Sacramento sheriff violates TRUST Act, illegally detains and nearly deports Rosemont resident
Department vows to abide by new law but critics blast its ongoing relationship with ICE
It was a Friday night after a long work week, and like many Sacramento guys Martin Del Agua was hanging out in his garage: tooling on his car, sipping a beer, playing with his two children, listening to music. Suddenly, a bang on the garage door. And then yelling. He opened it, and as it slid up, two Sacramento County sheriff deputies appeared. The duo yelled at Del Agua, telling him to turn off his music. When he didn’t, the officers threw him against a trash can.
Del Agua lives in Rosemont, just southeast of downtown, where his neighbor called in a complaint about his loud music.
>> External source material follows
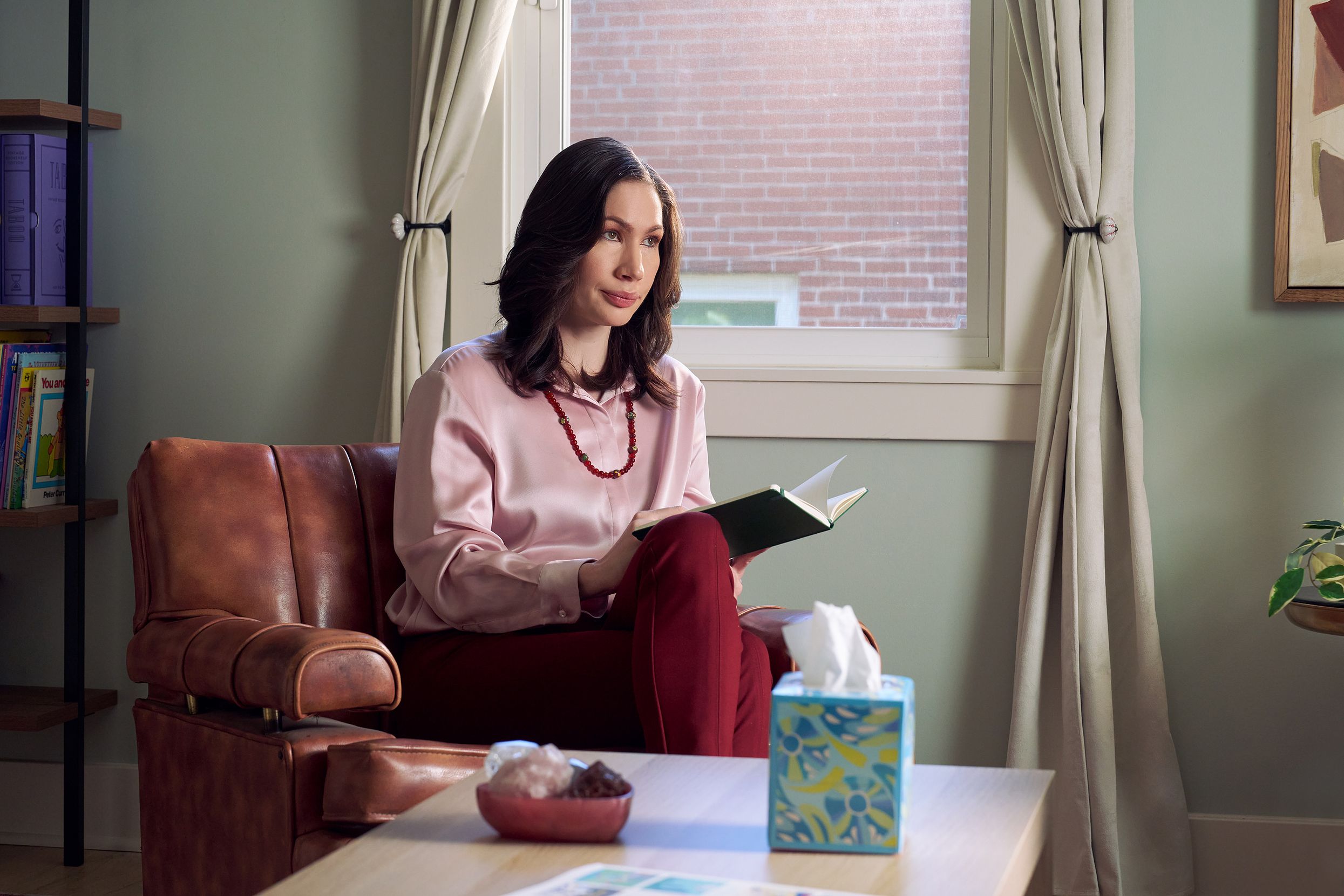 An Eastern European white woman therapist with a facial scar sits in a large chair looks at a client off camera. She is holding an open notebook. A tissue box and a red marble heasrt-shaped bowl of crystals are on a low coffee table in front of her. The therapist's office has several books on display and a window letting in natural light. The therapist is wearing a silk pink top, maroon dress pants, and a minimalist necklace.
What the deputies didn’t know that evening, February 7, was that, according to Del Agua’s lawyer Angela Chan, his family had a restraining order against the neighbor because of constant harassment. That’s why Del Agua didn’t turn off the music.
A police report says he tried to run from the law, which prompted the deputies to slam him against the garbage bin, then his truck. His children watched. “[The deputies] actually grabbed his cellphone and threw it,” Chan said.
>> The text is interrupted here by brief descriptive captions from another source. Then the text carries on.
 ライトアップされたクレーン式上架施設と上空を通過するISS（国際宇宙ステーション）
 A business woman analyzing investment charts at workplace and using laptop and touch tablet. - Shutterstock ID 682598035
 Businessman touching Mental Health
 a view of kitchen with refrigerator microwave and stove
Del Agua’s wife, Julie, emerged from the house and pleaded with the deputies to stop. That didn’t happen. In fact, according to Chan, they threatened to call Child Protective Services on the family. Finally, they arrested Del Agua, and without reading him his Miranda rights, according to an audio recording of the arrest.
All this was recording on video because, as it turns out, the Del Agua family installed security cameras in the garage because of their neighbor. But, again, deputies did not realize this, so that night, Del Agua was booked at the downtown jail for public intoxication (Chan says he had two beers “at most”). He was never given an exam,
and charges eventually were dropped. That’s the good news.
The bad news is much, much worse: The sheriff’s department held Del Agua in jail the entire weekend under the threat of deportation back to Mexico.
Law-enforcement agencies in California hold immigrants who lack proper documentation under what is called a U.S. Immigration and Customs Enforcement hold, or ICE hold. Or at least they used to be able to do this. Sacramento County had been doing this for many years, but the issue at hand for Del Agua was that ICE holds, as of January 2014, are now more or less illegal.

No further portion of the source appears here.